Те сборища носили криминальный характер, поскольку за мужскую любовь можно было запросто угодить за решетку или в психушку. Мы чувствовали удары гомофобии, но тем доверительнее были наши отношения в субкультурном братстве, в шутку нареченном «Клубом Сталина» — во времена диктатора сексуальное инакомыслие приравнивалось к политическому, и именно кремлевский горец внес в закон пресловутую 121 статью. Компания на лодочной станции собиралась разношерстная — актеры, музыканты, адвокаты, врачи, водители трамвая, просто безработные и даже священник. Все друг друга знают в маленьком городе, а это была модель настоящего равенства.

Как-то к нам на огонек пьяный Рафик притащил ответственного работника городской мэрии, и расслабившийся чиновник набросился на меня как медведь со словами: «Я тебя хочу!» Позже мы встретились в более официальной обстановке на вечере городской интеллигенции, и он не признал меня, повернулся спиной — я еще никогда не встречал таких рекордных задниц, можно было подумать, что в штанах спрятана пуховая подушка.

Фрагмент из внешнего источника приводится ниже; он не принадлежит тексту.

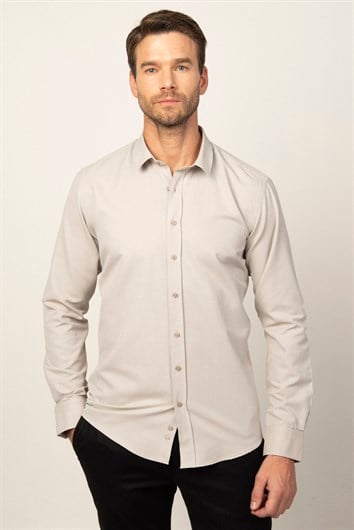 Modern Slim Fit Pamuklu Kolay Ütü Armürlü Erkek Gömlek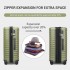 KSK2595 - Kono 20/24/28inch Hard Shell Scratch-Resistant PP Luggage Set with Cup Holder, TSA Lock & Expandable Design-Check-in Luggage For Travel - Green
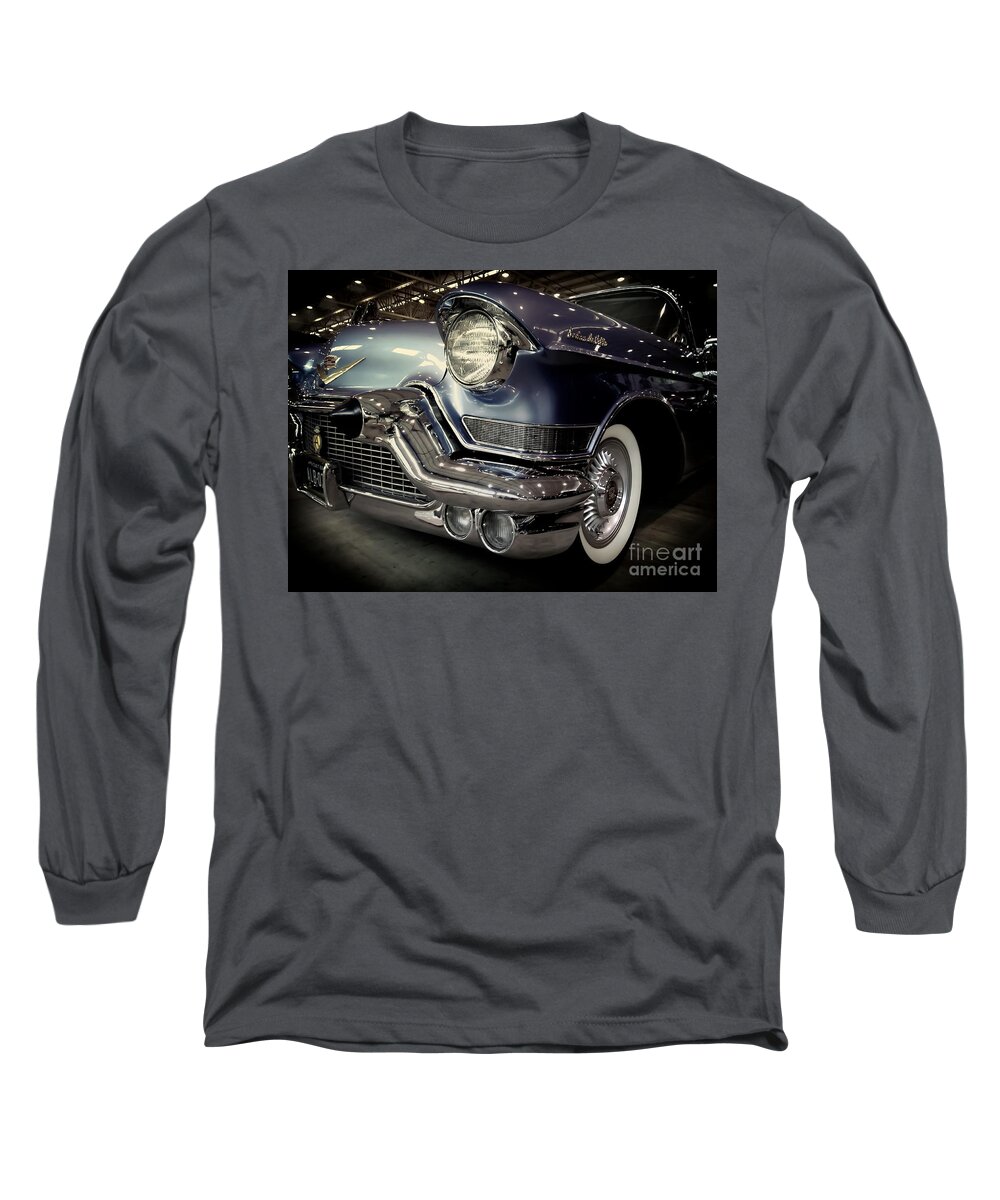 #classiccars #caddy #cadillacctsv #vintagedecor #vintage #supercharged #swangas #ctsvnation #slabculture #lowrider #hotrod #meguiars Long Sleeve T-Shirt featuring the photograph Cadillac 1957 by Franchi Torres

Уставшие от игры в прятки, от косых взглядов сослуживцев, ходящие под дамокловым мечом безнравственного закона, оскорбленные и заплеванные, мы перевоплощались с наступлением сумерек на забытой лодочной станции, просто болтали, смотрели видеофильмы, выпивали. Но в том мире существовало только изменение состояний («измененные» — так наркологи называют подкрепившихся алкоголиков), но какие глаза цвели вокруг! Лодочная станция глядела горящими окнами на пустынный пляж с шезлонгами, тентами, обрывками газет и пустыми бутылками, а в окнах потустороннего мира гримасничали мои арлекины, и сквознячок смерти сдувал со стола разметанные листы этой рукописи. Было много театрального, хотя мы ничего и не знали о кэмп-культуре. Рафик, например, любил мерить женскую одежду и очень талантливо гримировался. Я иногда надевал короткую кожаную куртку, фуражку с орлом, рваные джинсы и высокие ковбойские сапоги. Священник, отец Арсений, снимал свою рясу, под которой полыхала экзотическая шелковая рубашка с попугаями и спортивные белые шорты «Адидас». Был среди нас и садомазохист Игорь Бертенев, нейрохирург, он приносил с собой веревку, наручники, но мне, слава Богу, не посчастливилось побывать в его камере пыток. Кстати, в моем провокационном альбоме есть интересные снимки, хотя и собирались мы довольно редко. Как-то после одной из таких ночей, с остатками грима на бледных лицах, полупьяные, мы завалились в церковь на утреннюю исповедь к отцу Арсению — он встретил нас очень прохладно, исповедал, но к причастию не допустил.